Isaac Schifferer edited this page Jan 4, 2024 · 55 revisions

How to configure the training of a model.

The parameters for training a model are stored in the experiment folder in a file named 'config.yml'. The file uses the YAML format. Related settings are grouped together in sections.

Sections of a config file.

These are the sections of a config file.

data:
eval:
infer:
model:
params:
score:
train:

It is not necessary to specify options for all of these sections for every training. Only those with parameters which differ from the default values need to be specified.

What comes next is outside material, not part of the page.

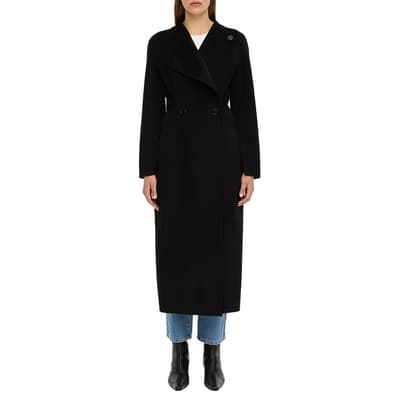 Black Wool Sirrenas Button Coat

A minimal config.yml file looks like this:

data:
  corpus_pairs:
  - type: train,val,test
    src: src-text
    trg: trg-text
  share_vocab: false
  src_vocab_size: 24000
  trg_vocab_size: 32000

This minimal config file provides these instructions to the system. Train a model to translate between src and trg languages. Split the texts into three parts one for training, one for validation and one for test. Use the default sizes for the validation and test sets and all the remaining data for the training. Create a separate vocab file for the source and target languages. Instruct sentencepiece to create a source vocab of 24000 tokens and to create a target vocab of 32000 tokens. Use the defaults for all the other settings including the default model architecture and default early stopping conditions.

More information about how to configure training can be found in the OpenNMT-tf documentation Another way to learn how to configure training is by examining an effective config file.

Selection of books or chapters for training on Scripture data.

The parallel text available for low resource languages are translations of Scripture that are aligned by verse reference.

When the aligned Scripture files are used as a corpus pair it is possible to select parts of the data for training and testing without having to split the text files prior to training. We have added a corpus_books config option for this function. There is also a similar option to specify which books to include in the test set test_books.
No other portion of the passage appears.